Movie data is anonymized, no userid...


In [5]:

# Extract similarities for the movie we care about that are "good".
scoreThreshold = 0.38
coOccurenceThreshold = 50

movieID = 483 # Casablanca

# Filter for movies with this sim that are "good" as defined by
# our quality thresholds above (filtering all at the same time)
filteredResults = moviePairSimilarities.filter(lambda pairSim: \
    (pairSim[0][0] == movieID or pairSim[0][1] == movieID) \
    and pairSim[1][0] > scoreThreshold and pairSim[1][1] > coOccurenceThreshold)

# Sort by quality score.
results = filteredResults.map(lambda pairSim: (pairSim[1], pairSim[0])).sortByKey(ascending = False).take(10)

print("Top 10 similar movies for " + nameDict[movieID])
for result in results:
    (sim, pair) = result
    # Display the similarity result that isn't the movie we're looking at
    similarMovieID = pair[0]
    if (similarMovieID == movieID):
        similarMovieID = pair[1]
    print(nameDict[similarMovieID] + "\tscore: " + str(sim[0]) + "\tstrength: " + str(sim[1]))

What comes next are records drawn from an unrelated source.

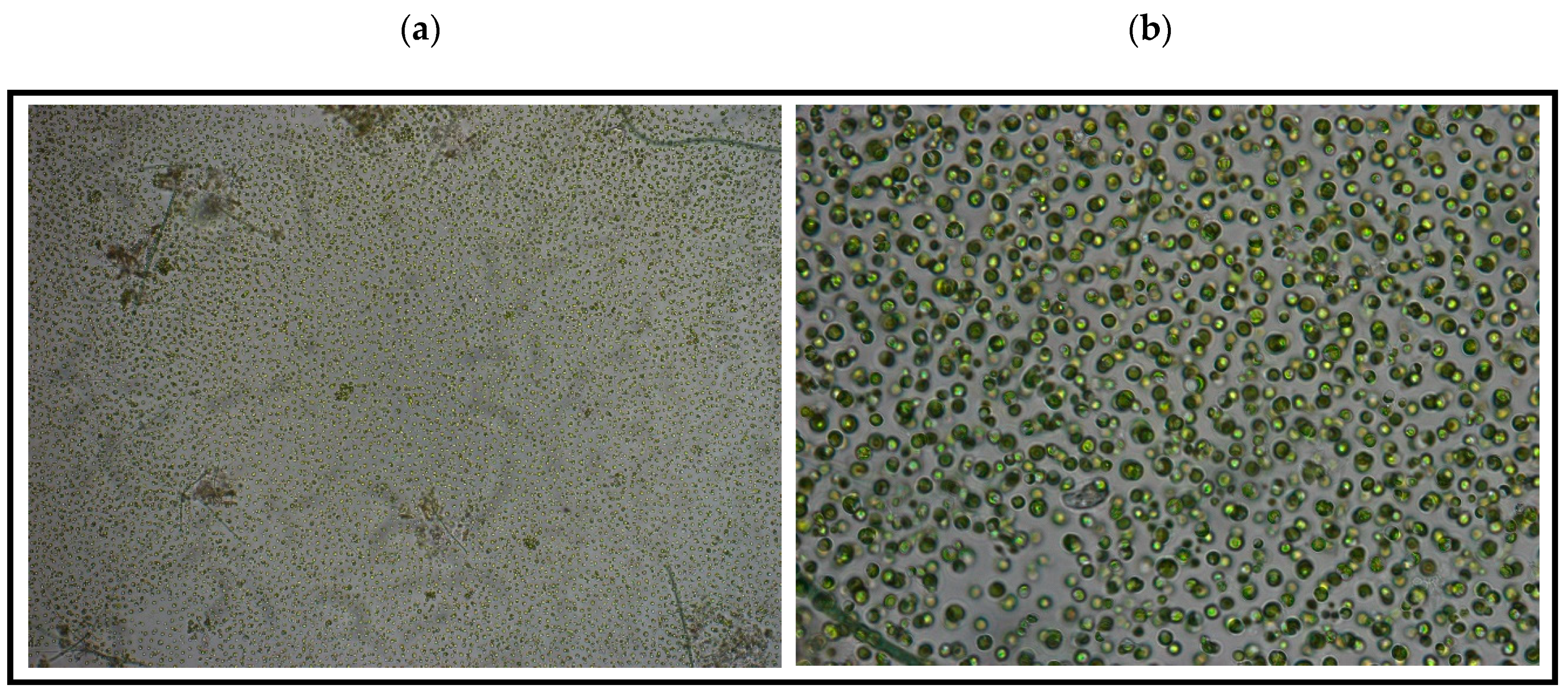 Applsci 13 01098 g008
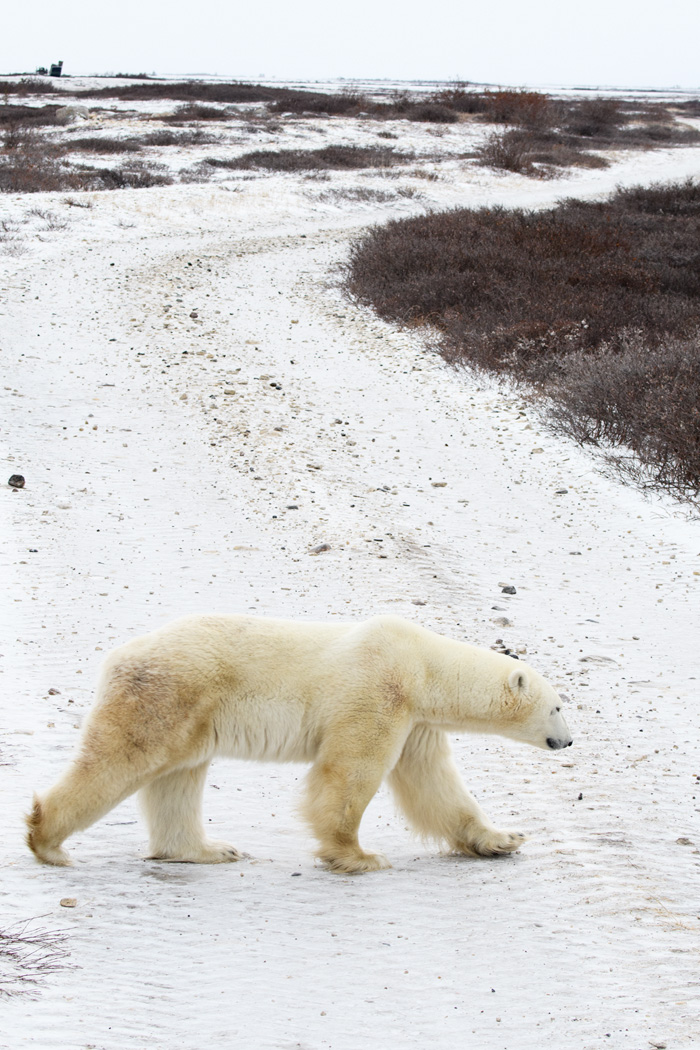 The big male bear also passed right behind us with a great view from our viewing platform.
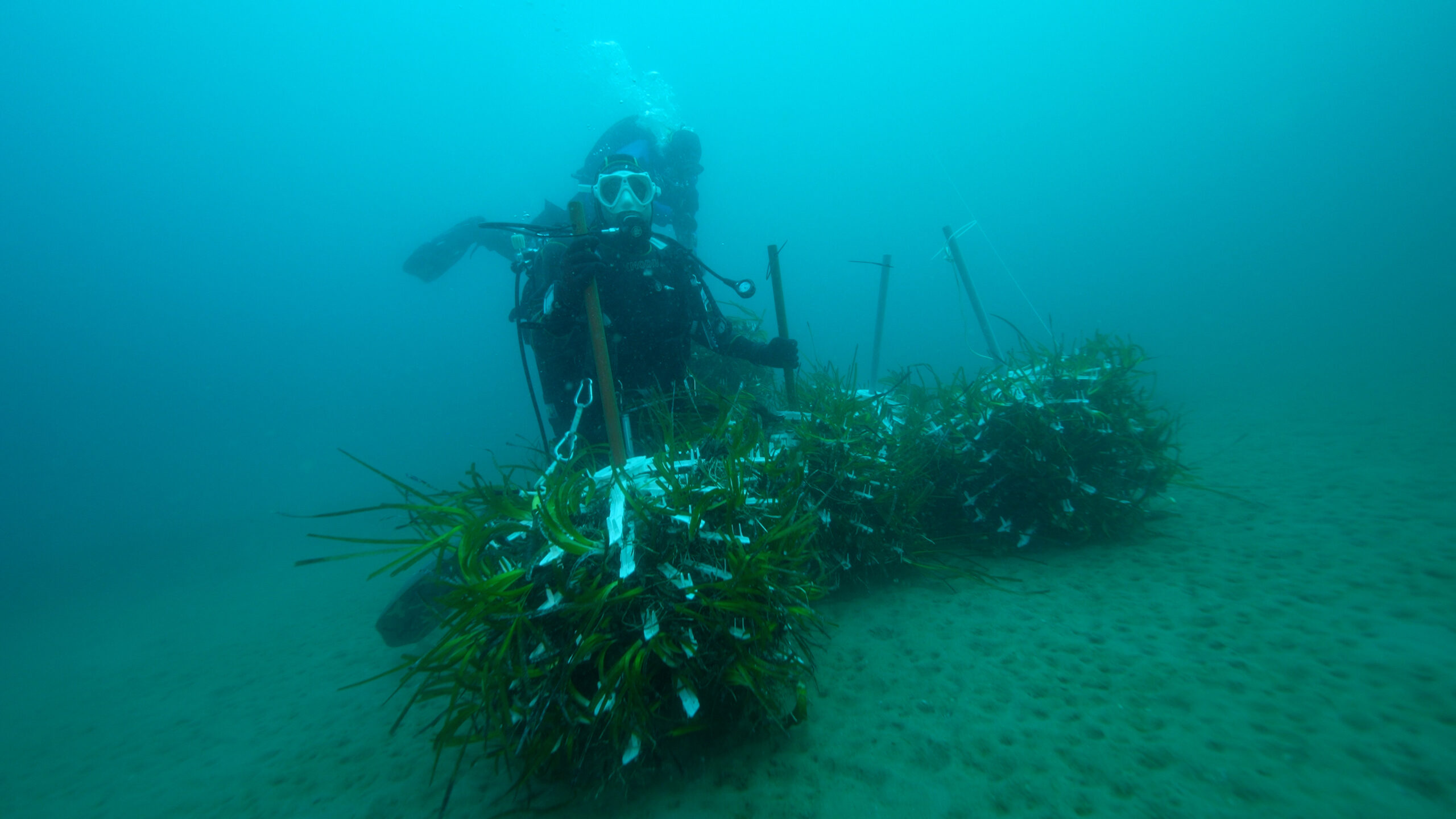 Riforestati 100 mq di posidonia oceanica nel golfo di Palermo 2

Top 10 similar movies for Casablanca (1942)
Third Man, The (1949)	score: 0.6036773350335661	strength: 52
Maltese Falcon, The (1941)	score: 0.5029606006150984	strength: 111
Shine (1996)	score: 0.4770054774358142	strength: 68
Bob Roberts (1992)	score: 0.473589560952675	strength: 57
It Happened One Night (1934)	score: 0.4577801353022157	strength: 60
African Queen, The (1951)	score: 0.4469809047597789	strength: 113
My Left Foot (1989)	score: 0.42873131674438764	strength: 67
Chinatown (1974)	score: 0.4236842501725612	strength: 105
Roman Holiday (1953)	score: 0.4121908459625984	strength: 51
Manchurian Candidate, The (1962)	score: 0.41196637795707625	strength: 90


Based the cosine score, here is the results:

Top 10 similar movies for Casablanca (1942)
- Third Man, The (1949)	score: 0.9914873737018578	strength: 52
- Maltese Falcon, The (1941)	score: 0.9884013076509861	strength: 111
- African Queen, The (1951)	score: 0.9865259305014779	strength: 113
- Manchurian Candidate, The (1962)	score: 0.984613301863293	strength: 90
- It Happened One Night (1934)	score: 0.9845081807112164	strength: 60
- Vertigo (1958)	score: 0.9832931334707176	strength: 127
- Citizen Kane (1941)	score: 0.9830936340463006	strength: 143
- Silence of the Lambs, The (1991)	score: 0.9829257762211996	strength: 185
- Treasure of the Sierra Madre, The (1948)	score: 0.9828749443758958	strength: 61
- Dial M for Murder (1954)	score: 0.9828585785349522	strength: 59

Personally, I find the results from the pearson correlation is more related.